PRESS RELEASE May 30, 2007

WHAT: Galleri Urbane’s 3rd Annual Photography and Film Exhibit

GROUP SHOW IN GALLERY 1

TITLE - “URBAN RENEWAL “

FEATURING PHOTOGRAPHY BY MICHAEL ITKOFF, LUIS MALLO, TONY STAMOLIS, SHORT FILM BY JIM ROCHE

A SOLO SHOW IN GALLERY 2

TITLE - “MARS ON EARTH “

ARTISTS - TRUJILLO-PAUMIER

AN INSTALLATION IN GALLERY 3

TITLE – YELLOW COWBOYS

ARTIST – ADAM BORK

WHEN: July 7 – AUGUST 7, 2007

OPENING RECEPTION: July 7, 2007 6:00-8:30pm

WHERE: GALLERI URBANE / MARFA

212 San Antonio ST

POB 1506

Marfa TX 79843

CONTACT:

Ree Willaford

432.729.4200

willafordrj@sbcglobal.net

www.galleriurbane.com

*Additional images and Press images available upon request.

Galleri Urbane / Marfa… announces its 3rd annual photography exhibit,

URBAN RENEWAL, featuring photography by Michael Itkoff, Luis Mallo, Tony Stamolis, Installation and Film by artists Adam Bork and Jim Roche.

A solo exhibit by the collaborative team of Trujillo- Paumier.

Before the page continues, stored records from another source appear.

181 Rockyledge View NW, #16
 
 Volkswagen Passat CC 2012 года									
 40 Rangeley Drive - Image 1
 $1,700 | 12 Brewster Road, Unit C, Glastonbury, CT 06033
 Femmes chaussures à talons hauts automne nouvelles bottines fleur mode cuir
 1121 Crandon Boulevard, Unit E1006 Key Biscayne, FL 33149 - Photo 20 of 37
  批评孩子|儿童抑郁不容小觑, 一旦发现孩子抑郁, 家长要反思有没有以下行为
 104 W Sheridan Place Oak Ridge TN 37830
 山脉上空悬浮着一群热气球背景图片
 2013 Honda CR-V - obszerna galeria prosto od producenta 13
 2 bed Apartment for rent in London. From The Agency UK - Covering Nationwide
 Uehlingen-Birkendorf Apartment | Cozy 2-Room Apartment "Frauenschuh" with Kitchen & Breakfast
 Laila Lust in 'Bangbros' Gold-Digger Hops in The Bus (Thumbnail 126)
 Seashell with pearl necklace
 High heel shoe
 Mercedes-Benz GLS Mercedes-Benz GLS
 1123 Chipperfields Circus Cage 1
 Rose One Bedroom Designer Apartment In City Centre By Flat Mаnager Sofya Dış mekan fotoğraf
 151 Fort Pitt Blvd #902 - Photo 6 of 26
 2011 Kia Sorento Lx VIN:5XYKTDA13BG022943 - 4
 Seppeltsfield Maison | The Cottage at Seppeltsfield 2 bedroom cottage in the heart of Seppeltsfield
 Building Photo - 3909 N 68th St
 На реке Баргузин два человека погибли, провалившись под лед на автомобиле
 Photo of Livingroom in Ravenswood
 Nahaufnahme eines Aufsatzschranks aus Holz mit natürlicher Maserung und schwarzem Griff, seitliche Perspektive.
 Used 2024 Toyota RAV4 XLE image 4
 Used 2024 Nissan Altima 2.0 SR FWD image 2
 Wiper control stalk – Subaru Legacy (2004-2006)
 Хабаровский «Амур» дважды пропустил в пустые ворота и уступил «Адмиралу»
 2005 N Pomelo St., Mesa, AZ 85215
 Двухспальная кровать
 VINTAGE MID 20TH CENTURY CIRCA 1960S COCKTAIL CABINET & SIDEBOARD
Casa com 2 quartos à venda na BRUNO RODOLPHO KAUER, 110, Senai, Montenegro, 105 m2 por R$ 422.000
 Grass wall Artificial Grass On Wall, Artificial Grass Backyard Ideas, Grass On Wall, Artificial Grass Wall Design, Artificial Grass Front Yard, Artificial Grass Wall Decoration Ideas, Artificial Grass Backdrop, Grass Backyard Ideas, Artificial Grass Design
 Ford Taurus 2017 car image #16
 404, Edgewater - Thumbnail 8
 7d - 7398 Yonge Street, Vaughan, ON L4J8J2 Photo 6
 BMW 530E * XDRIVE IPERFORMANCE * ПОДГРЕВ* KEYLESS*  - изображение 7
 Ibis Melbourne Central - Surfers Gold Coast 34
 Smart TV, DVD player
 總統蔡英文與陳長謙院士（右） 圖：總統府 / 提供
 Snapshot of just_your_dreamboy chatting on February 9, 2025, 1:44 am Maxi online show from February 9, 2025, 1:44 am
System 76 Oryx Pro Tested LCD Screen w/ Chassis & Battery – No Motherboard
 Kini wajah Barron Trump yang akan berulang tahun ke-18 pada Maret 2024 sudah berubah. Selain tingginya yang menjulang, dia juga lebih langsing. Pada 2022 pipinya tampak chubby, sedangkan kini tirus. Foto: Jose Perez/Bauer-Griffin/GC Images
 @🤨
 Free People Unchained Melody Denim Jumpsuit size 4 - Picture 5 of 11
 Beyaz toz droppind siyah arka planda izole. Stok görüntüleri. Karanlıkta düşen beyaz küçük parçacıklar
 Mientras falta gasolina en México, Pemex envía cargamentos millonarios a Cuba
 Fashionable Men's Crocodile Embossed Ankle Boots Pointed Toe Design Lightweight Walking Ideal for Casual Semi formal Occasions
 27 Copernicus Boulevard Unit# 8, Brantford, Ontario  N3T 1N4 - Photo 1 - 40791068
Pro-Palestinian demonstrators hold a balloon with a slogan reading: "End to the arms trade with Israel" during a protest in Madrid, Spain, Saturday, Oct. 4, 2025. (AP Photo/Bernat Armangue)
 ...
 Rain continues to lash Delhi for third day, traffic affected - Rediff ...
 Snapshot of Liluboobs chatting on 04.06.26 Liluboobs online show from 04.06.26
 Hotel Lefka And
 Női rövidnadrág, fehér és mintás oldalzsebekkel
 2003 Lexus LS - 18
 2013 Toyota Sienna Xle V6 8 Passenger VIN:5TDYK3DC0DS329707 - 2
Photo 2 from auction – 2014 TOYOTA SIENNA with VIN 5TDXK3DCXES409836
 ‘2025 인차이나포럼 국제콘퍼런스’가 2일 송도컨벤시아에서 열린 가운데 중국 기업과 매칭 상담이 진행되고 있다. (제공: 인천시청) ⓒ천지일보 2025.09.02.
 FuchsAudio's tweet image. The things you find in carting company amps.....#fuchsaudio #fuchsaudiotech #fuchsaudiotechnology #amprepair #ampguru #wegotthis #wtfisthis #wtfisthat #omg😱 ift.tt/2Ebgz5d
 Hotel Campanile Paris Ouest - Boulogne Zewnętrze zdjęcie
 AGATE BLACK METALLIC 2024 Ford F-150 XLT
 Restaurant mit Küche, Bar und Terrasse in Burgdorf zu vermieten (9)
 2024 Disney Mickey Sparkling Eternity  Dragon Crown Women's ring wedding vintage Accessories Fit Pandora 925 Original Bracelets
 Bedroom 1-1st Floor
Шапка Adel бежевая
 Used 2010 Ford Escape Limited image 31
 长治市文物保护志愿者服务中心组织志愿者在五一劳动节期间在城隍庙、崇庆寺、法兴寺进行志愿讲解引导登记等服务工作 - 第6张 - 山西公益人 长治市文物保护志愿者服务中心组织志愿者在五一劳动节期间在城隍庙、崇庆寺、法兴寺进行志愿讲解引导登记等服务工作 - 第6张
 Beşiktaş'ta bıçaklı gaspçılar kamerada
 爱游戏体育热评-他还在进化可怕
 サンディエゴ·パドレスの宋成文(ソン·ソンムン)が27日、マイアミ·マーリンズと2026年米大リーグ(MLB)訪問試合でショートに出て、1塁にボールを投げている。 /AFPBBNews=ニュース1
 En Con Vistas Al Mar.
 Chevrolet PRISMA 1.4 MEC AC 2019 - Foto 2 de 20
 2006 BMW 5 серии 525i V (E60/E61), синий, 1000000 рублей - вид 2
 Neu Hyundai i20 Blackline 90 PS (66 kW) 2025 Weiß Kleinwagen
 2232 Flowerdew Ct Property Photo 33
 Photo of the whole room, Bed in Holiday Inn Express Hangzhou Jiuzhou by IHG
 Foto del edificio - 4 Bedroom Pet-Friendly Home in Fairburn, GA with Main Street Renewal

The term “Urban Renewal” evokes muscular images of inner city eyesores being remodeled or demolished and replaced based, ideally, on a process of re-imagining and transforming space for the benefit of those who live and work there. Each of the artists in this show embarks on a similar undertaking, using their cameras to revitalize an array of urban and rural landscapes. They make it clear that, when it comes to our surroundings, what we see depends not only on where we look, but also on how we choose to focus our gaze.

Gallery 1

The urban landscapes depicted in Cuban native Luis Mallo’s large-scale color photographs are interrupted or obstructed by a foreground object or layer. “The barrier – for example, a fence, in one image – acts like a veil that drapes, surrounds, separates, distorts and conceals,” says Mallo. “But it’s never meant to be completely opaque or impenetrable.” The resulting photographs are intricate and perplexing, painterly, personal and graphic. The viewer is simultaneously invited and compelled to peek through vague openings in the foreground in order to decipher what lies on the other side. “The veil, therefore, acquires an ambiguous nature: as it simultaneously hides and reveals, it asks us to consider the very notion of seeing as fragmentary and contingent, and also invites us to imagine and fill in the entire landscape as we attempt to perceive our surroundings.”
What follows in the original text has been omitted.